Aim  To introduce Gaussian mixture distributions and sequential maximum a posteriori image segmentation (GM-SMAP) as a model that predicts species ranges from mapped climatic variables, and to compare its predictive capacity with two commonly used bioclimatic models: regression tree analysis (RTA) and smoothed response surfaces (SRS).

Location  North-west North America.

Methods  We compared models for their ability to predict the distributional range of western hemlock (Tsuga heterophylla). We calculated and projected nine climatic and water-balance variables to a 2-km grid up to 140 km from the T. heterophylla range. Models were trained using the five variables selected by RTA, as well as subsets of three variables. Goodness of fit was assessed using models trained and tested on the entire study area. Predictive capacity was assessed using 100 cross-validation tests, each trained on a randomly sampled 1% of the study area and tested on the complement of the study area.

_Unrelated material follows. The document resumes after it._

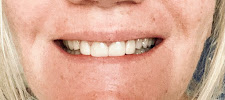 Nana Dental Clinic คลินิกทันตกรรมนานา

Results  Models using all five variables were significantly better than three-variable models. Model fit was greatest for SRS. GM-SMAP misclassified slightly more area and RTA misclassified almost twice the area compared to SRS. However, cross- validation showed that the predictive capacity was clearly greatest for GM-SMAP and lowest for SRS, indicating that GM-SMAP makes more accurate predictions from sparse data.

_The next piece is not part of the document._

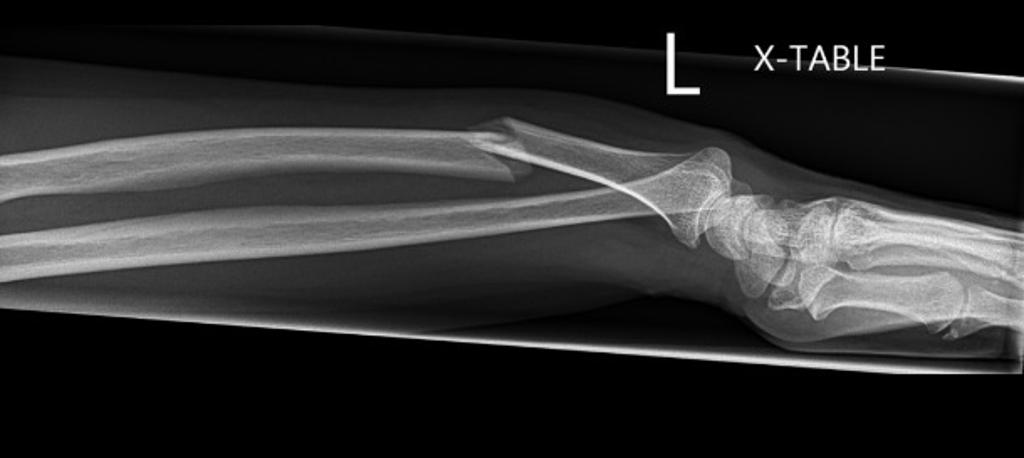 Lateral- Type 1 Galeazzi fracture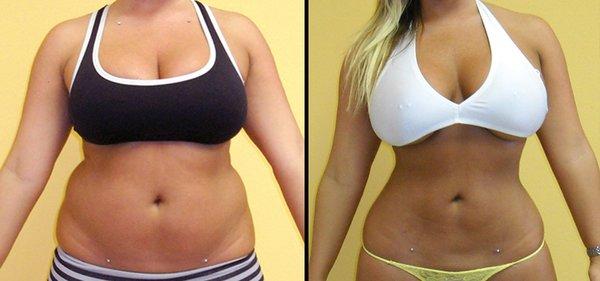 Before & After  Non-Invasive Laser Lipo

Main conclusions  GM distributions prevent overfitting using an information-theoretic approach, and the SMAP algorithm minimizes the spatial extent of the largest misclassified area using a multiscale method. These properties, useful for image classification, also aid their strong predictive capacity as a bioclimatic model. SRS overfit the data, lowering its predictive capacity, and RTA failed to capture details of interactions among variables, yielding a poor fit. These results demonstrate the strong potential of GM-SMAP as a bioclimatic model.